I’m enjoying the journey back up when his voice cuts into my thrall.

“Ya know?” he asks, as though not for the first time. Evidently, while I was raping him with my eyes, he must’ve been saying something.

My eyes fly to his face. “I-I’m sorry. What were you saying?”

His face breaks into the most satisfied grin I think I’ve ever seen. All proud peacock. He knows what I was doing. He knows I was mesmerized. And he’s loving it.

My face stings with embarrassment at being so blatant.
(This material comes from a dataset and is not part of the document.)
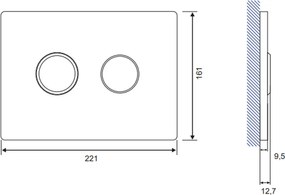Clapeta actionare rezervor wc crom lucios Cersanit Accento II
And getting caught.

“I was just saying that I think it’s weird that they’d put makeup on my body just to show me working out, ya know?”

“Yeah,” I say dazedly.

“Where do you want me?” he asks, one brown brow shooting up suggestively.

My stomach churns hotly. Why, oh why does he have to be the one guy on the planet who can break through my thick layer of ice and scar tissue? Why, why, why?

I bend to gather my notes from the floor, and I study them closely as I straighten. Not because I need to see what they say, of course, but because I need a reason to look at something else for a minute.

“Looks like the closest shots will be of your back and shoulders as you’re doing some pull-ups. They want the tattoos left intact, but any other imperfections covered, so I’ll do your face and then let you lie down for the rest.”

My heart is thumping so hard, I worry that Rogan will hear it when he sits down in the chair. I set about applying the same products I’ve used on him most other days, going a little heavier on blush to give him a slightly flushed look. That’s all my role entails. They’ll spritz him to make him look sweaty right before the filming starts.

I try not to think of Rogan sweaty. Smooth skin glistening, muscular chest huffing, flat stomach gleaming. No, I need not go there. It’s just . . . it’s just not a good idea.

He’s uncharacteristically quiet as I brush and swirl and dab, but not once do his eyes leave my face. Even if, in my peripheral vision, I couldn’t see them following my movements, I’d still know he was watching me. I can feel it all the way down to my nerves. His gaze, his scrutiny strums them like strings on a harp.

When I’m finished with what little I can do to make his face even more gorgeous, I lean back, giving him a tight, nervous smile. “Okay, you can go lie down on your stomach. I’ll do your back first and then when you sit up, I’ll work on your chest a little.”

Rogan nods, rising to head over to the long, padded table that’s used for bodywork and more extensive specialty applications. I grab a few pods of makeup that match his skin tone, some cream and a few different-sized brushes, taking my time and inhaling huge, calming gulps of air as I gather. When I turn to face Rogan, he’s lying on his stomach with his arms folded under his head, his face turned toward me. His emerald eyes, trained on me, glint in the light, but his expression is unusually serious. I want to ask if something’s wrong, but I’m afraid. I’m afraid of what he’ll say, what I’ll learn about him. I don’t dare let him get under my skin any more than he already has.

I clear my throat and pull a small rolling table closer to me, setting my supplies on it. Applying the makeup is something I could do in my sleep. That’s not what I feel I must ready myself for. Putting my hands on Rogan’s skin, touching him all over his body this way . . . That’s what I need to prepare for.

I notice that my hand is shaking when I squirt a dollop of cream into my palm. I rub my hands together to warm it before I lean forward to smooth the lightly shimmering lotion onto his back. I feel the muscles twitch and flex under my fingertips, and I try to ignore the way my belly reacts. “Th-this is just to give your skin a bit of a glisten, like you’ve been exercising. You have enough color that I don’t need to add any tint to it,” I explain in a voice that sounds breathless even to my ears. Oh God!

Rogan says nothing, makes no comment, which is something else I find odd. Normally, he doesn’t miss a chance to tease or taunt me.

Touching him feels good. It feels too good. Right, even. At least touching him this way means I don’t have to worry about him touching me in return. I don’t have to concern myself with keeping hidden things that I don’t want him to see. With that in mind, I let myself go, just enough that I can really enjoy having my hands on him.